Only the lines of the data below from the one with "2012 Mercedes-Benz GL-Class" through the one with "Блок электронный Антенна" are wanted. Repeat them exactly.

### Data section
+===+
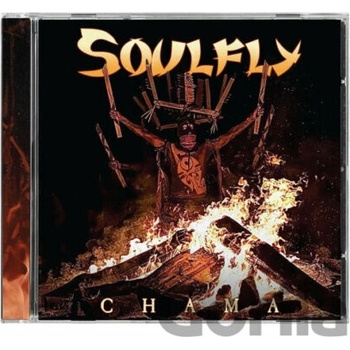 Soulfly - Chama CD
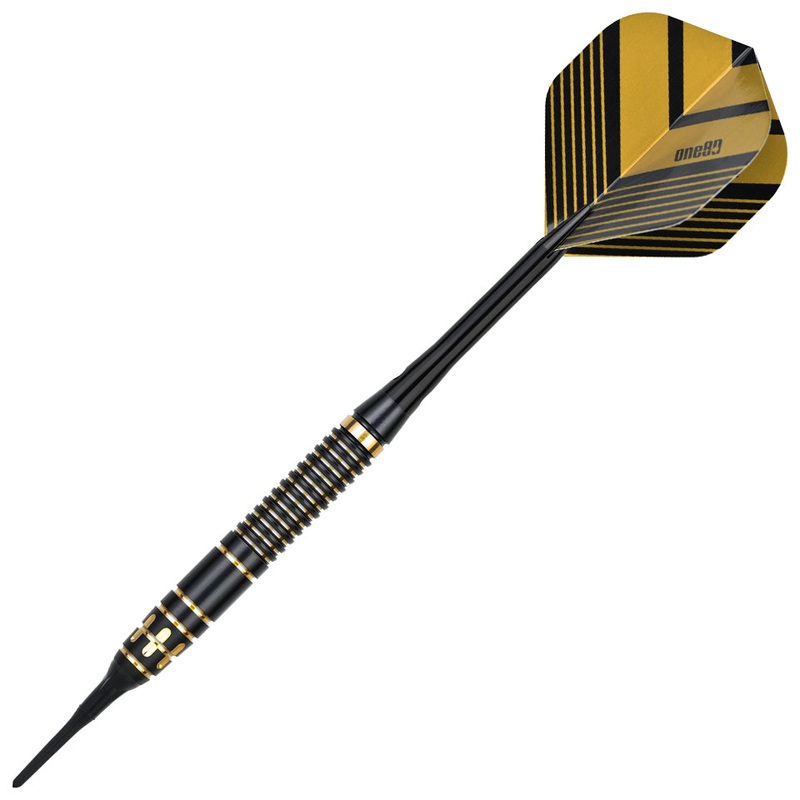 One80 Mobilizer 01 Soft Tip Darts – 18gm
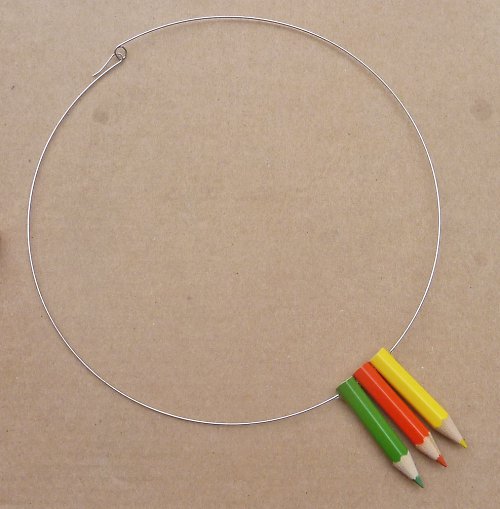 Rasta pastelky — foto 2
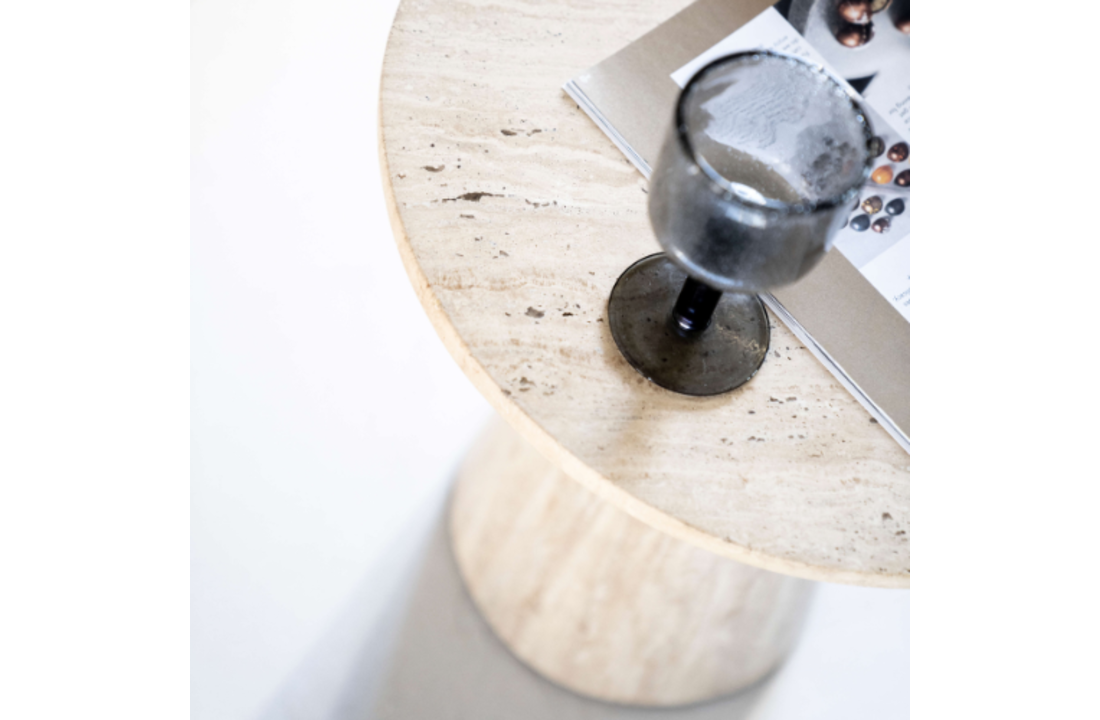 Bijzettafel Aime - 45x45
+===+
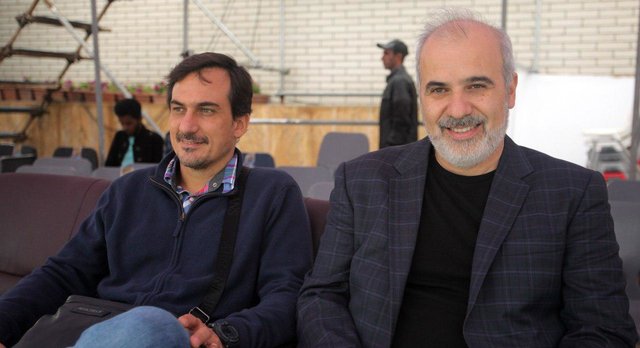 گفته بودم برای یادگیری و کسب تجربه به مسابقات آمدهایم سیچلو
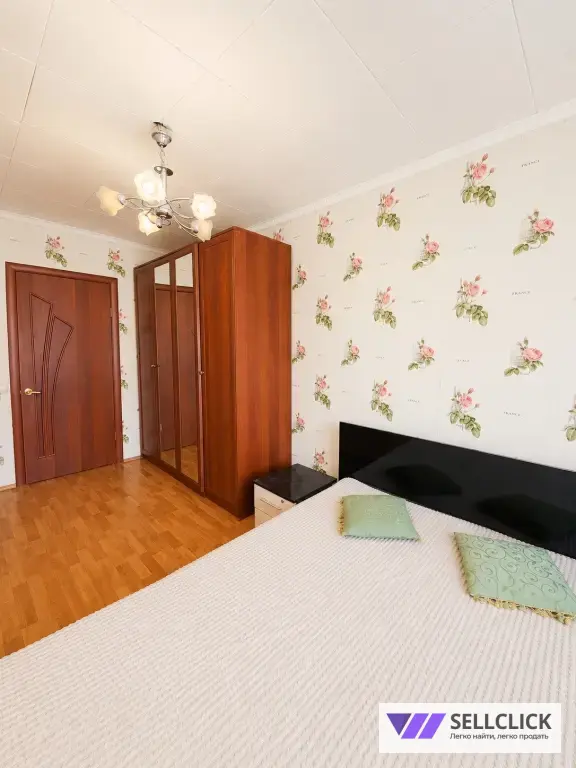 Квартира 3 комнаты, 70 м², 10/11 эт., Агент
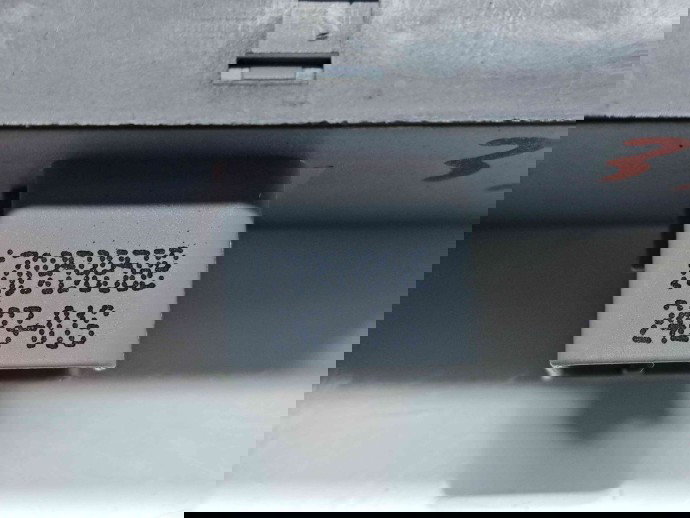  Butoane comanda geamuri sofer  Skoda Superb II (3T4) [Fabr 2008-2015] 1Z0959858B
+===+
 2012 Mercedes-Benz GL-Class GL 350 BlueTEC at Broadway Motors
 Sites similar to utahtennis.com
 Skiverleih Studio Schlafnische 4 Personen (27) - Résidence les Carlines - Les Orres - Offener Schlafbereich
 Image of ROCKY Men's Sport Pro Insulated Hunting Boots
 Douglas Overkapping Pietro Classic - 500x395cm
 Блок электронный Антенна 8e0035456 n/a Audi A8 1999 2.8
+===+
### Output of the task
 2012 Mercedes-Benz GL-Class GL 350 BlueTEC at Broadway Motors
 Sites similar to utahtennis.com
 Skiverleih Studio Schlafnische 4 Personen (27) - Résidence les Carlines - Les Orres - Offener Schlafbereich
 Image of ROCKY Men's Sport Pro Insulated Hunting Boots
 Douglas Overkapping Pietro Classic - 500x395cm
 Блок электронный Антенна 8e0035456 n/a Audi A8 1999 2.8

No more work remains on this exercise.